There was no scene shop in which to make the set, so she used our garage
and basement. (That's Annabeth helping with the wood.)
Since this was over Christmas it was often cold. Also, rainy -- the time frame included the days and days of rain that ended up flooding most of the area, shutting down interstates and generally causing a disaster. Our house stayed dry, but it was stressful from the rain alone, not to mention trying to quickly build and paint things in unsuitable space.
Part of the design involved curtains, so I said I'd do those. For the forest she needed a 40 foot span of muslin strips dyed various shades of green. I rounded up an assortment of RIT dyes in various greens, plus black, brown, and yellow and set to work in our kitchen sink.

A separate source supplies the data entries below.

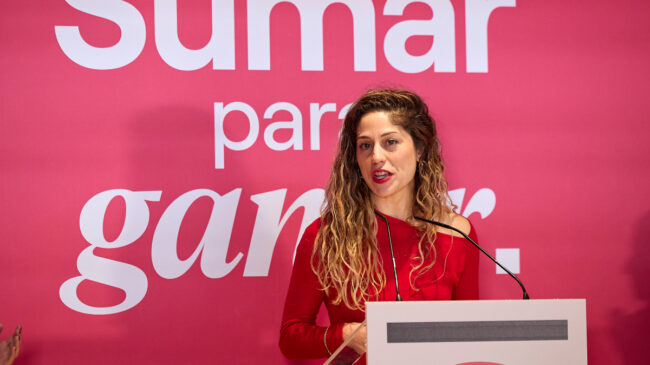 Dimite y abandona Sumar Lara Hernández tras archivarse la denuncia contra ella por acoso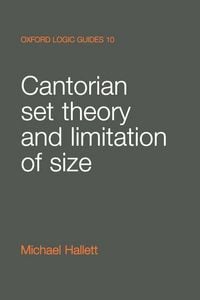 Produktbild: Cantorian Set Theory and Limitation of Size
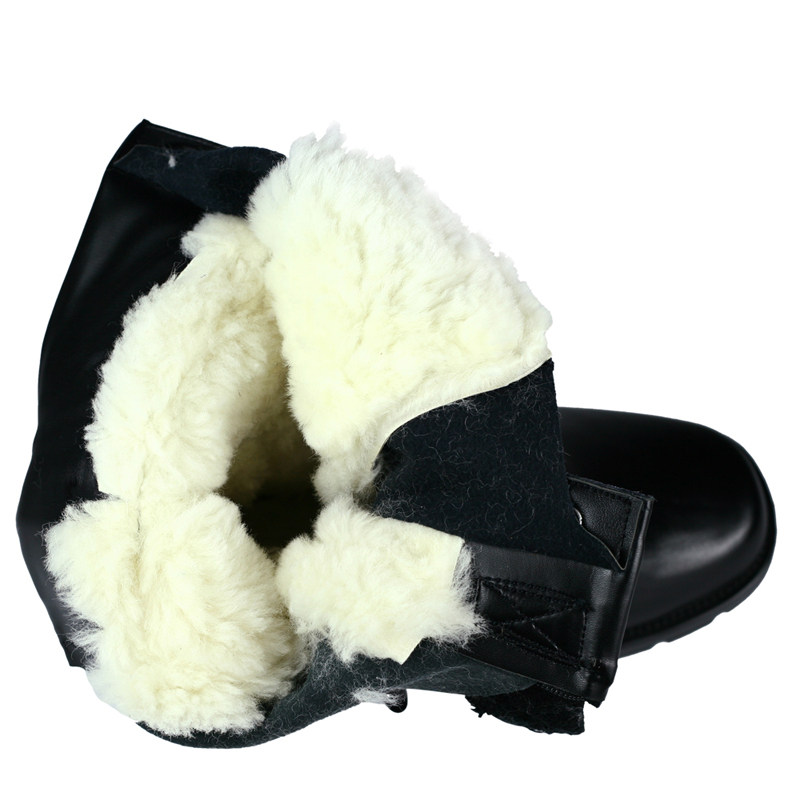 Bottes militaires pour homme en cuir - Ref 1399160 Image 3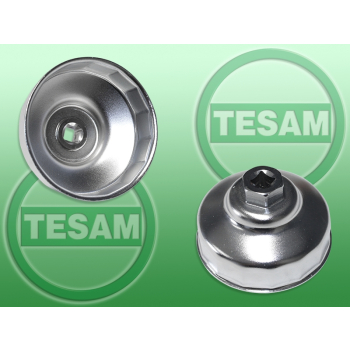 S0002448 => Zastąpione przez M39077 - Klucz, nasadka do filtra oleju Ford / Mazda / Volvo 76mm x 15 kt.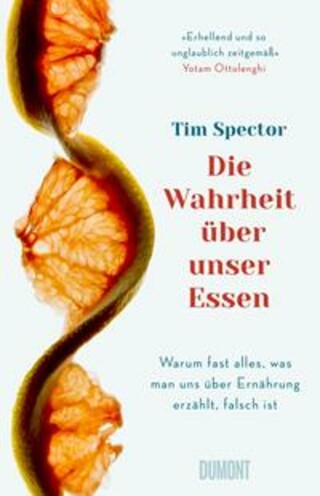 Buchcover Die Wahrheit über unser Essen Tim Spector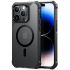 Защитный чехол ESR Air Armor Clear Case with HaloLock Frosted Black для iPhone 14 Pro 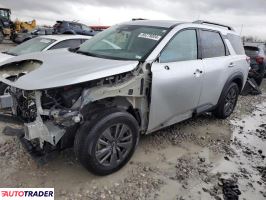 Nissan Pathfinder 2022 3 Nissan Pathfinder 2022 3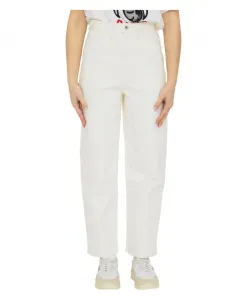 Прямые брюки Kenzo, белый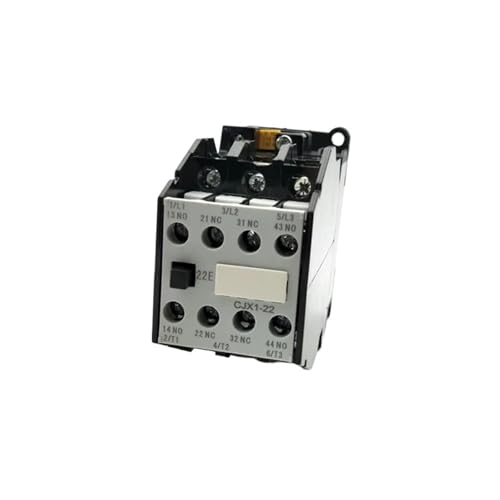 Contacteur moteur 380V CJX1-22 triphasé 22A bobine 50Hz 3 pôles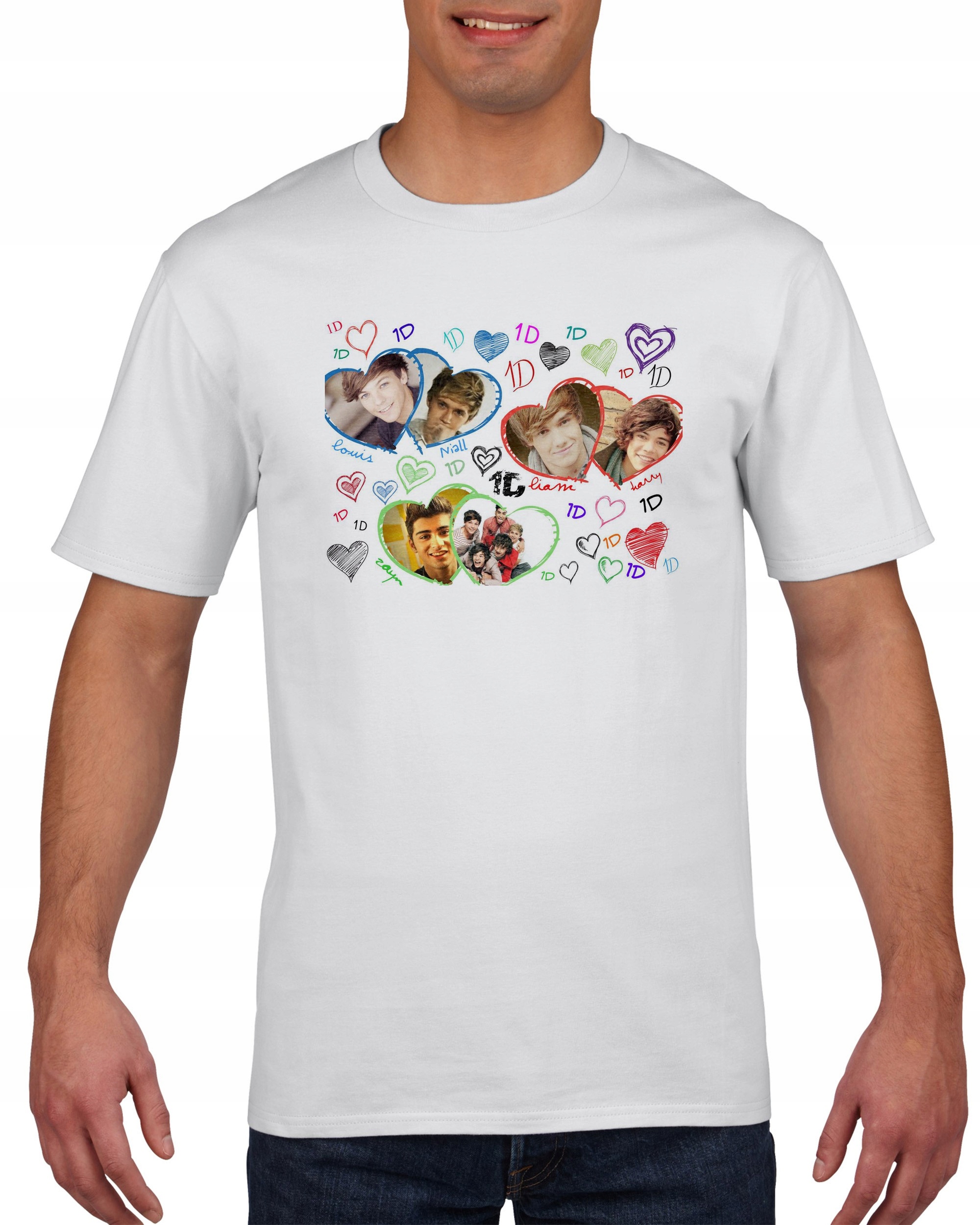 

Koszulka męska One Direction S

The muslin supplied for the project was 120 inches wide; the bolts varied in length from 7 yards to about 10 yards. I took the fabric off the bolts and ripped each into 4 large sheets 30 inches wide. I dyed the gigantic strips two at a time. As the work progressed I got more and more random about my dye mixing; the last batch was simply "dump everything left that's open together and see what happens". I also did quite a bit of throwing more dye in during the soak process. We didn't want an even dye job, so I was splotching it up as much as possible.
The real trick was trying to get the sheets to dry given how soggy the climate was at the time. Putting them through the dryer tinged the dryer drum green so I quickly stopped doing that. I ended up with a fairly complex system of racks made from ladders, chairs, and anything else I could grab.

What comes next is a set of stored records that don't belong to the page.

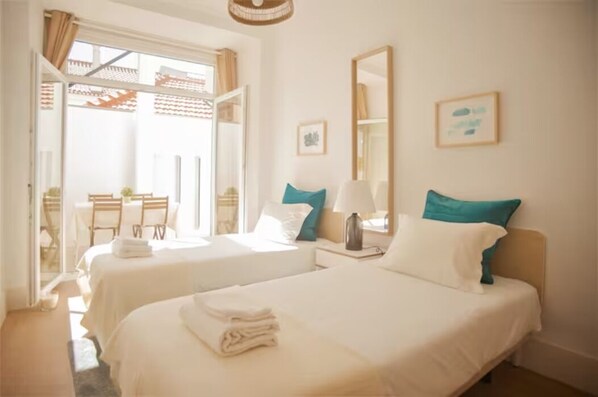 2 soverom, wi-fi og sengetøy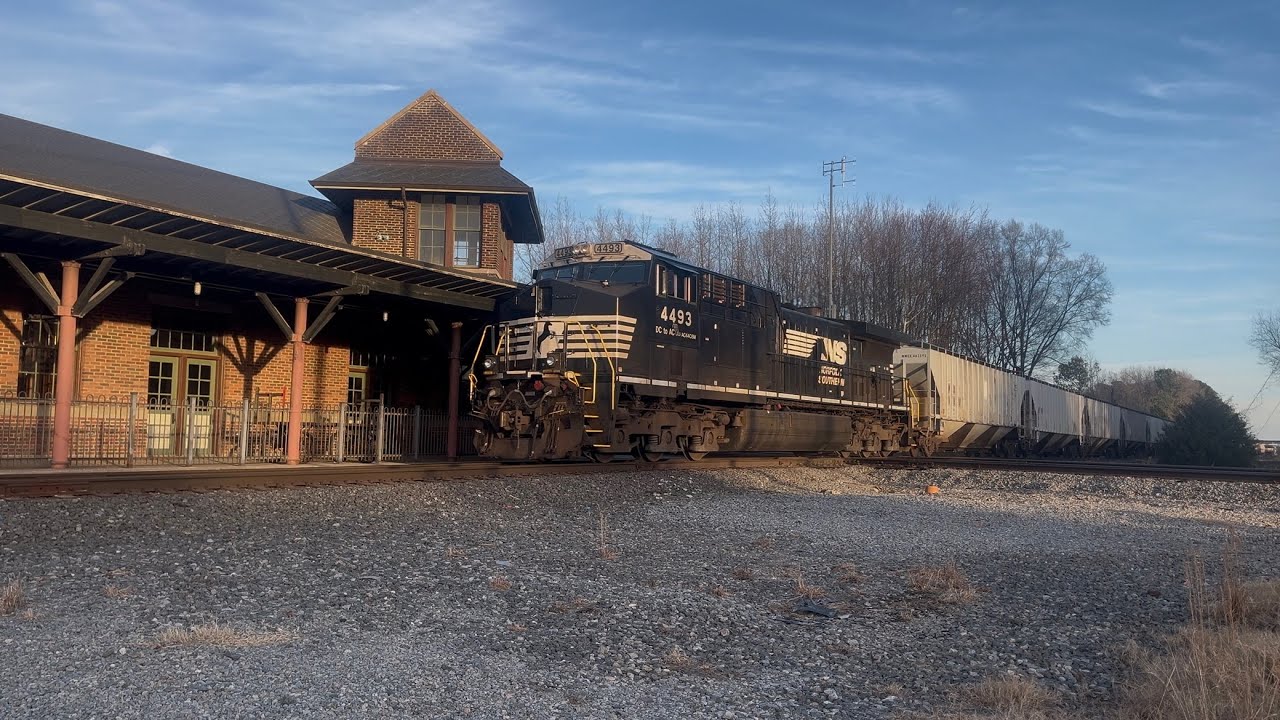 Railfanning Selm,NC 1/21/26 (ft. @CSXRF)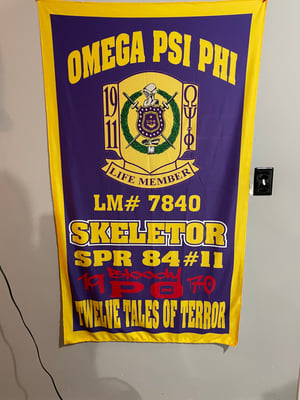 OMEGA and DELTA Banners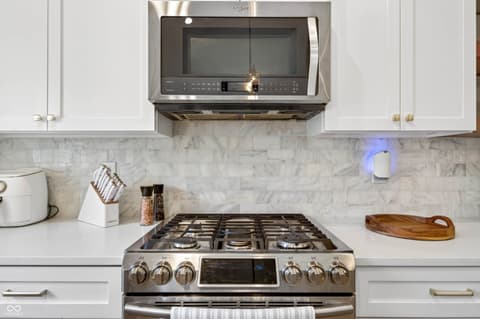 Kitchen at 4724 Covered Bridge Road, Nashville, IN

Then the sheets were ripped into 6 inch wide strips, varying from about 10 feet to 20 feet long. These were sewn on headers -- I didn't have a 40 foot header, so I used some donated upholstery fabric to make 4 headers that were 10 feet each.

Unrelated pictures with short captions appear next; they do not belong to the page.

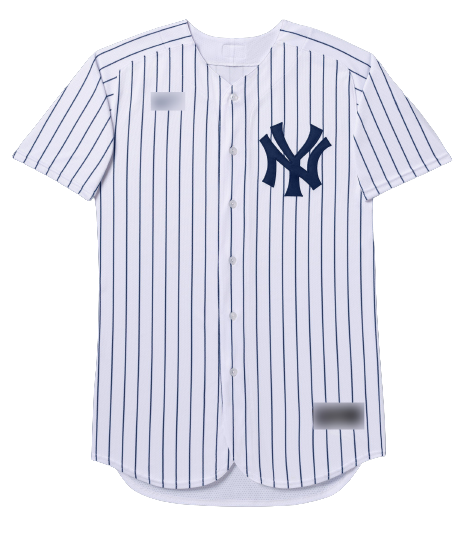 New York Yankees White/Navy Home Team Jersey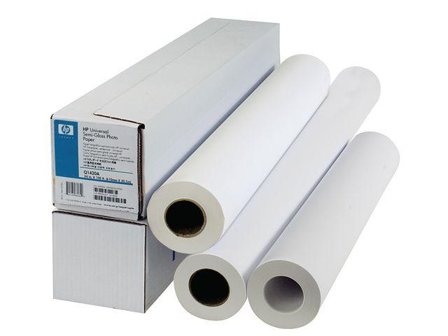HP Bright White Inkjet Paper - papir - 1 rull(er) - Rull (91,4 cm x 45,7 m) - 90 g/m²
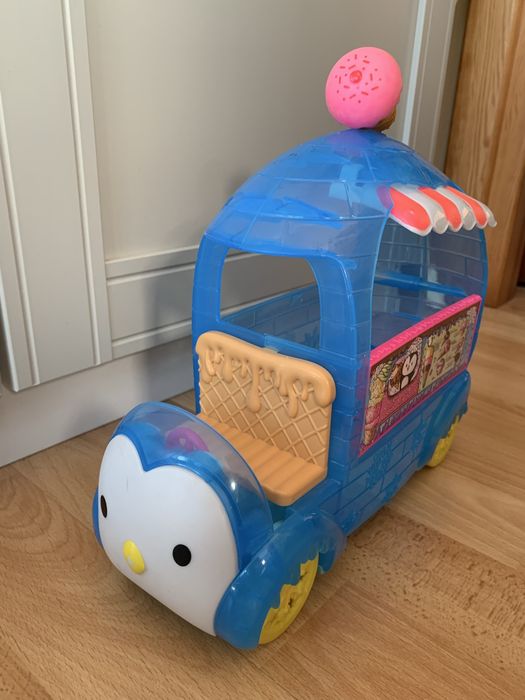 Zabawka mobilna kawiarenka lodziarnia Enchantimals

I couldn't really spread out the project anywhere in the house, so it was a tangled mess in the entrance as I tried to somewhat methodically put various colors and lengths of strips together.
It turned out pretty well, though
especially considering how inexpensive it was.
Annabeth hadn't auditioned to be in the show since she knew she'd be busy with Scrooge, plus would probably help with the set.
However, some dancers dropped out (possibly because they belatedly realized that doing a show over Christmas break means that you have rehearsals during Christmas break including every day except Christmas Eve, Christmas, and New Year's Eve -- the company spells this out clearly, but people don't seem to "get" what that really feels like in real life). During Scrooge performances Annabeth got a message from the Wizard of Oz director asking if she could come be in the Jitterbug -- just the one dance, which isn't a huge commitment. So, yeah, that's a fun number, and a minimal commitment. Scrooge finished, we helped strike, and the next day Annabeth went to Wizard rehearsal ... and as long as she was there, could she please help out with another dance number ... and another....
And she ended up being Nikko, the flying monkey. Really, a dream role.
The show was great, but, wow, was it stressful.
The mission of this theater company is to give young people opportunity to develop skills in all aspects of theater, and I think this was a great example of what they're trying to accomplish.